H2O2 level in a plant tissue indicates the severity of oxidative stress. Present investigation recorded enhanced level of H2O2 (8.07-fold) in Cr-stressed seedlings when compared with untreated control (Table 4). Seedlings treated with EBL plus Cr-solution had lower H2O2 level (1.77-fold) than Cr-stressed seedlings. Seedlings fed with Spd plus Cr-solution showed a 1.58-fold decline in H2O2 level in comparison with Cr-treatment alone. Moreover, enrichment of Cr-solution with EBL plus Spd was also noted to reduce H2O2 content (2.30-fold) when compared with Cr-solution alone (Table 4).
These data suggest that treatments with EBL and Spd, either together or alone, can reduce oxidative stress level in radish plants subjected to Cr-stress, and co-application of EBL and Spd has higher alleviating effect than their individual application.
Localization of O2− and H2O2
The NBT and DAB staining procedures showed significant production of O2− (Figure 5, upper panel) and H2O2 (Figure 5, lower panel), respectively, in cotyledonary leaves of radish seedlings, under Cr-stress in comparison with untreated control. However, both the staining procedures showed that applications of EBL and Spd, either together or alone, lowered the production of O2− and H2O2 in Cr-stressed cotyledonary leaves, and the co-aplication of EBL and Spd has higher scavenging effect than their individual applications (Figure 5).
Effect of EBL and Spd applications on NADPH oxidase activity
Activity of NADPH oxidase is directly related to the production of H2O2 in the plasma membrane. About 6.24-fold increase in NADPH oxidase activity was observed in Cr-stressed seedlings in comparison with untreated control (Figure 6). No significant change in NADPH oxidase activity was noted for seedlings applied with EBL and Spd separately under Cr-stress. However, significant reduction in NADPH oxidase activity (2.32-fold) was observed for co-application of EBL and Spd with Cr-solution in comparison with Cr-treatment alone. The results together indicate that EBL and Spd co-application is more effective in modulating NADPH oxidase activity than their independent applications (Figure 6).
Data are presented as mean ± SE. Different superscripted letters (a, b, c) indicate significant difference from each other in all combinations (Tukey's test, p<0.05). Asterisk “*”indicates significant difference for EBL+Spd vs. EBL under Cr-stress (Tukey's test, p<0.05).

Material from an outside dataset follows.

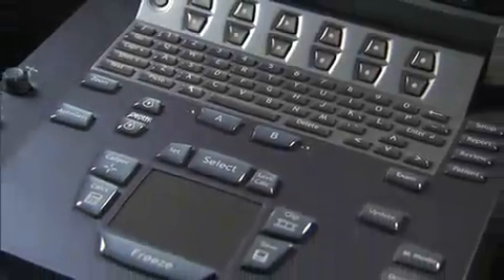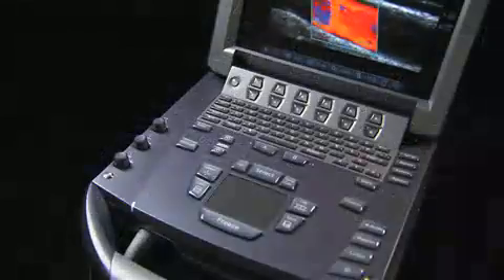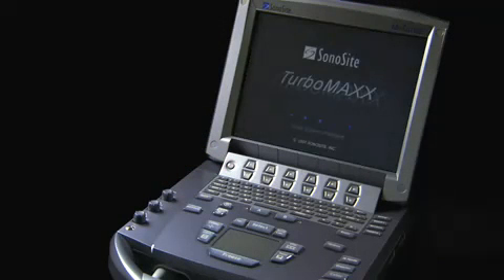The system control panel is simple to use. Many controls and features are automated to simplify the user interface and minimize the number of keys, and the keys are backlit for easy viewing in darker environments. To turn the system on, press the power key once. The system will power up completely in 15 seconds.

EBL and Spd reduce ion leakage under Cr-stress
Membrane permeability is severely affected by ROS, which was also observed under Cr-stress (Figure 7). About 3.34-fold increase in electrical conductivity (EC) was noted in Cr-stressed seedlings over untreated control. Application of EBL to Cr-stressed seedlings showed significant decline in EC value (1.6-fold) when compared with Cr-treatment alone. Cr-stressed seedlings fed with Spd also exhibited significant decrease in EC value (1.64-fold) in comparison with Cr-stressed sample. Supplementation of EBL and Spd together to Cr-stressed seedlings showed higher decline (2.62-fold over Cr-treated sample) in EC value than their individual applications.
Data are presented as mean ± SE. Different superscripted letters (a, b, c) indicate significant difference from each other in all combinations (Tukey's test, p<0.05). Asterisk “*”indicates significant difference for EBL+Spd vs. EBL under Cr-stress (Tukey's test, p<0.05).
Impacts of EBL and Spd applications on photosystem II (PSII) quantum yield
Significant reduction in quantum yield (Fv/Fm) was recorded in cotyledonary leaves of Cr-stressed seedlings in comparison with untreated control (Table 5). Applications of EBL and Spd, either together or alone, could significantly increase quantum yield in Cr-stressed seedlings. We also observed that co-application of EBL and Spd has better impact on PSII quantum yield than their individual applications under Cr-stress.
EBL and Spd co-applications reduce Cr (VI) uptake
Significant uptake of Cr (VI) ions was noted in seedlings subjected to Cr-stress over untreated control (Table 5). We recorded 15.62-fold increase in Cr-content in stressed seedlings when compared with untreated control. Seedlings applied with only EBL enriched to Cr-solution possessed lowered Cr content (10.41-fold) than Cr-stress alone. Individual application of Spd to Cr-treated seedlings had 5-fold reduction in Cr content in comparison with Cr-treatment alone. Supplementation of EBL and Spd to Cr-solution was also observed to lower Cr content (8.33-fold) (Table 5). Our results indicate that co-application of EBL and Spd showed no further improvement in reducing Cr accumulation in Cr-stressed seedlings.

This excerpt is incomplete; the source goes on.